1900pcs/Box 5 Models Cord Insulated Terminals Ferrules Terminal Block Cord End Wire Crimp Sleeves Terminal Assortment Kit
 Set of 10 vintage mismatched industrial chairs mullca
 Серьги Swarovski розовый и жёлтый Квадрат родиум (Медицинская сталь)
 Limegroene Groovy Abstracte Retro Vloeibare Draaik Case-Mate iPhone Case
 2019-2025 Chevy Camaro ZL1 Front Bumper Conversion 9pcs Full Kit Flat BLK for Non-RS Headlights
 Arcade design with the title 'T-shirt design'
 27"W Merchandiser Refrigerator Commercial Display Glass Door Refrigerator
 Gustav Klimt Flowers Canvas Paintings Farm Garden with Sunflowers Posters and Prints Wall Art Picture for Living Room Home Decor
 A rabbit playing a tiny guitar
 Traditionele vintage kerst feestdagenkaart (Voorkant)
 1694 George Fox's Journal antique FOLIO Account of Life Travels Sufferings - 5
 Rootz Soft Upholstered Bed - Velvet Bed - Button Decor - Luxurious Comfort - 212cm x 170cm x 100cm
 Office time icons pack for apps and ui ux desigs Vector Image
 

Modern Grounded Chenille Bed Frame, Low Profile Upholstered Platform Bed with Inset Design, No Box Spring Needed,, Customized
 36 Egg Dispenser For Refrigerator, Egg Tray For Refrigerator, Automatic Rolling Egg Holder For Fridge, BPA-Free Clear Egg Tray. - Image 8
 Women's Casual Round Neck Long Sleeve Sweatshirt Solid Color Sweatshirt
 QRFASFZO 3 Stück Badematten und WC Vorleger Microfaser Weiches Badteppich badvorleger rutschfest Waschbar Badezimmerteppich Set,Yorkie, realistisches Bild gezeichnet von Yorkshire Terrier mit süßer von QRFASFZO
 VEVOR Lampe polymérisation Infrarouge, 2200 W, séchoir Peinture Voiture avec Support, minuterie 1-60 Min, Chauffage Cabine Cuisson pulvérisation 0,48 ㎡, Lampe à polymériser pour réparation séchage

TASK DESCRIPTION:
Only the line that contains "Women's Casual Round" and the lines after it, through the end of the data above, are to be repeated exactly.

ANSWER FOR THE TASK:
 Women's Casual Round Neck Long Sleeve Sweatshirt Solid Color Sweatshirt
 QRFASFZO 3 Stück Badematten und WC Vorleger Microfaser Weiches Badteppich badvorleger rutschfest Waschbar Badezimmerteppich Set,Yorkie, realistisches Bild gezeichnet von Yorkshire Terrier mit süßer von QRFASFZO
 VEVOR Lampe polymérisation Infrarouge, 2200 W, séchoir Peinture Voiture avec Support, minuterie 1-60 Min, Chauffage Cabine Cuisson pulvérisation 0,48 ㎡, Lampe à polymériser pour réparation séchage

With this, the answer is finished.